October 21, 2020
Lawrence Livermore National Laboratory’s sixth annual Early and Mid-Career Recognition (EMCR) Program included two scientists who have made a significant impact on National Ignition Facility research.
Jon Belof and Alastair Moore were among the 12 scientists and engineers named in September to the EMCR Program, which recognizes scientific and technical accomplishments, leadership, and future promise demonstrated by LLNL scientists and engineers early in their careers — from four to 16 years since they received their most recent degrees.
Belof is a recognized world leader in the field of non-equilibrium physics, and earlier, in supramolecular chemistry. He spearheaded the Lab’s work on time dependence in dynamic material processes, using state-of-the-art computational and experimental competencies.
“It’s an exceptional privilege and honor to work at LLNL, where so many of my professional heroes have made these big, world-changing accomplishments,” Belof said. “If one day I were to achieve half of what they have done…that would be too much to wish for.”
His progress in understanding fundamental controlling processes is already demonstrating impressive impact on the Lab’s national security missions and has grown into a significant effort within the Advanced Scientific Computing Program.
Advancements in non-equilibrium physics have benefitted greatly from unique experiments that are only possible at National Nuclear Security Administration venues such as NIF, the Joint Actinide Shock Physics Experimental Research (JASPER) facility at the Nevada National Security Site, and the Z-machine at Sandia National Laboratories coupled with simulations using exaflop computational facilities.
Moore is NIF’s lead scientist for nuclear diagnostics. He came to LLNL in 2008 as a scientist from the UK’s Atomic Weapons Establishment (AWE), joining the Lab in 2014. He received his PhD from Imperial College London in 2004.
Moore was the scientific lead for AWE in the Searchlight Radiation Transport campaign carried out at NIF. He worked with LLNL scientists and engineers to design and field the experiment as well as the DANTE 2 broadband spectrometer, a key new diagnostic tool. This was a successful campaign, with significant international impact in the field of radiation transport.

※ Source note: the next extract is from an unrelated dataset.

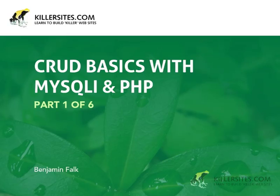Hello all, this is Ben Falk for Killersites.com. Welcome to a screencast on CRUD Basics with MySQLi and PHP.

He also led a team of 10 designers and engineers from AWE and Los Alamos National Laboratory during the Supersonic Radiation Flow campaign at NIF, providing both technical leadership and mentoring to optimize the experiment to return high-quality data.
“I’m honored to have been selected to receive this award,” Moore said. “The Lab is a unique place to work and there are so many talented scientists and engineers. It’s a real privilege to work with them every day, so this recognition should really go to the great teams of people I’ve been fortunate to work with as much as it goes to me.”